January 22, 2009

Internet Use During Inauguration

Filed under: Culture,Current Events — Emily Reeves @ 9:12 am

As reported by the Guardian, online activity dipped during the inauguration.  Google searches, Flickr uploads and Last.fm listening all paused while listening to President Obama’s swearing in ceremony.  Google reported that:

“…the overall query volume of Google searches dropped in the U.S. from the time President Obama took the oath of office until the end of his inaugural speech, demonstrating that all eyes were on today’s festivities.”

However, the number of people trying to watch the ceremony live from their computers was incredibly high and caused some streaming difficulties for viewers.  According to a New York Times article:

“CNN said it provided more than 21.3 million video streams over a nine-hour span up to midafternoon. That blew past the 5.3 million streams provided during all of Election Day. At its peak, CNN.com fed 1.3 million live streams simultaneously, according to Jennifer Martin, a spokeswoman for the site.”
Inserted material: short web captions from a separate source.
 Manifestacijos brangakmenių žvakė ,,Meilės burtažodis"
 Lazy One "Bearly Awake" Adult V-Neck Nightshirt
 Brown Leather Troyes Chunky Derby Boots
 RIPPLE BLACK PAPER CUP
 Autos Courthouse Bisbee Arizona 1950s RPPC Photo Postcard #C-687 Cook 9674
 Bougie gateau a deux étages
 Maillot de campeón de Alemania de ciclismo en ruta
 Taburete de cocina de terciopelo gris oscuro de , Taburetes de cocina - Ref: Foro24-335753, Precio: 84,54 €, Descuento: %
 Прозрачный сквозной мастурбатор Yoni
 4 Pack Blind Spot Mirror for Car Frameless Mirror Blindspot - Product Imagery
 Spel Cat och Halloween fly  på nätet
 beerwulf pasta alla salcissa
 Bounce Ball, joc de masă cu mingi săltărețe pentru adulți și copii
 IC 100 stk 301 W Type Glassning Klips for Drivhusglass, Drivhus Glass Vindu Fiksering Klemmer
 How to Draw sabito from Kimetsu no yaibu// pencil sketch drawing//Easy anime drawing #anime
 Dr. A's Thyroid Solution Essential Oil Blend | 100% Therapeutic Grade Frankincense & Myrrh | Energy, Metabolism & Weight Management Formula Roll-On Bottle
As Google points out, there has been a significant shift in internet use since the last presidential inauguration:

“During the last nine years, the growth of the Internet has changed the way the world seeks information. From President Bush’s first inaugural address in 2001 to his second in 2005, the number of inauguration-related searches increased by more than a factor of ten. From 2005 to today’s address, the number grew even more.”